Philippe de Villiers : La menace est vitale, unique et inédite, oui. La France a connu des périodes extrêmement difficiles, parfois de guerre civile, souvent de guerres extérieures et elle a très souvent été occupée depuis la Révolution française. On a transformé le peuple français en chair à canon au nom d’une idéologie du genre humain avec laquelle la patrie devenait non pas la terre charnelle, mais un outil au service même de l’idéologie.
Mais jamais une telle menace d’implosion et d’explosion à la fois n’a pesé sur la France. Nous n’avons jamais vu s’installer sur notre territoire, avec l’aide de la cinquième colonne de nos élites, une population appartenant à une autre civilisation incompatible avec la nôtre et avec un taux de fécondité différentiel qui laisse peu de doute sur l’issue démographique.

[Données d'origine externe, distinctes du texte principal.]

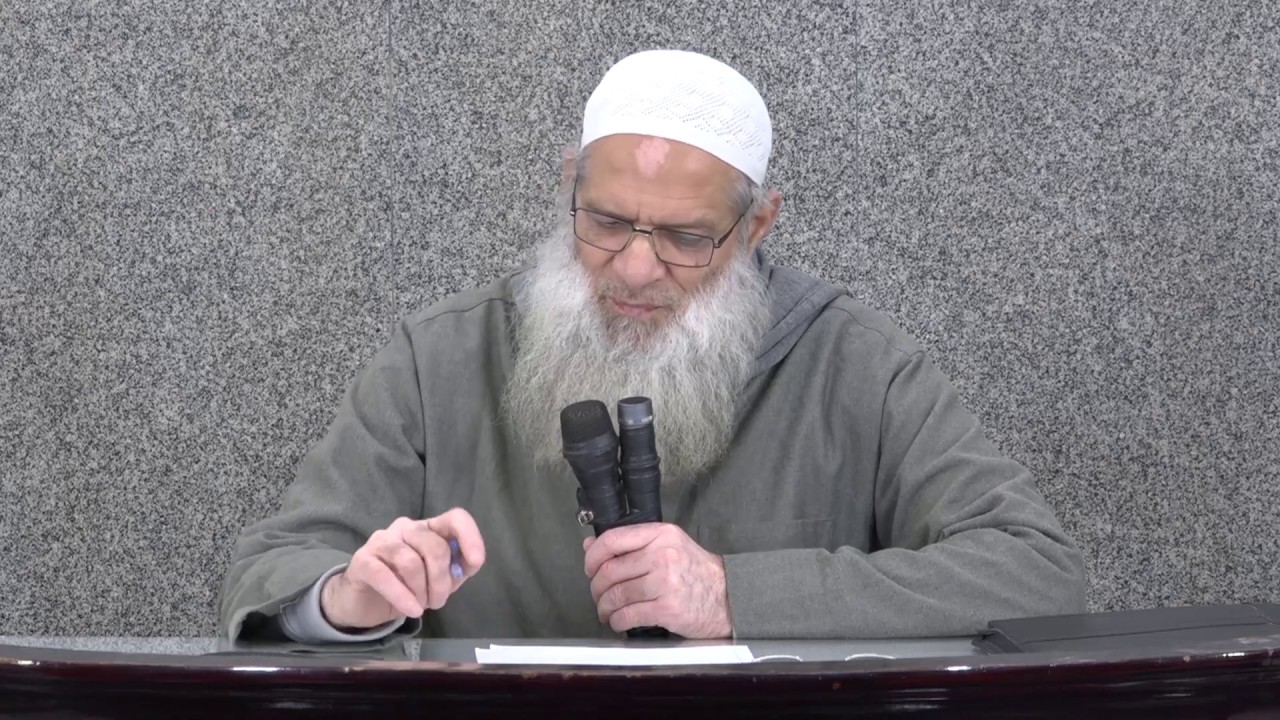 الإيمان بالرسل | الشيخ محمد بن سعيد رسلان | بجودة عالية [HD]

La seule question importante pour les quelques années qui viennent, avant qu’il ne soit trop tard, c’est la question de l’identité française. La question identitaire est la question centrale et toutes les autres sont secondaires. Un pays peut perdre sa souveraineté, mais il ne peut survivre en perdant son identité. Un pays peut être accablé d’impôts, mais s’il garde son identité, il pourra se libérer.
Car un pays qui perd son être, sa substance, la science exacte de son passé et de son patrimoine, qui perd sa langue, porte d’accès à ses chefs d’œuvre et vecteur de la compréhension de lui-même, ne peut survivre.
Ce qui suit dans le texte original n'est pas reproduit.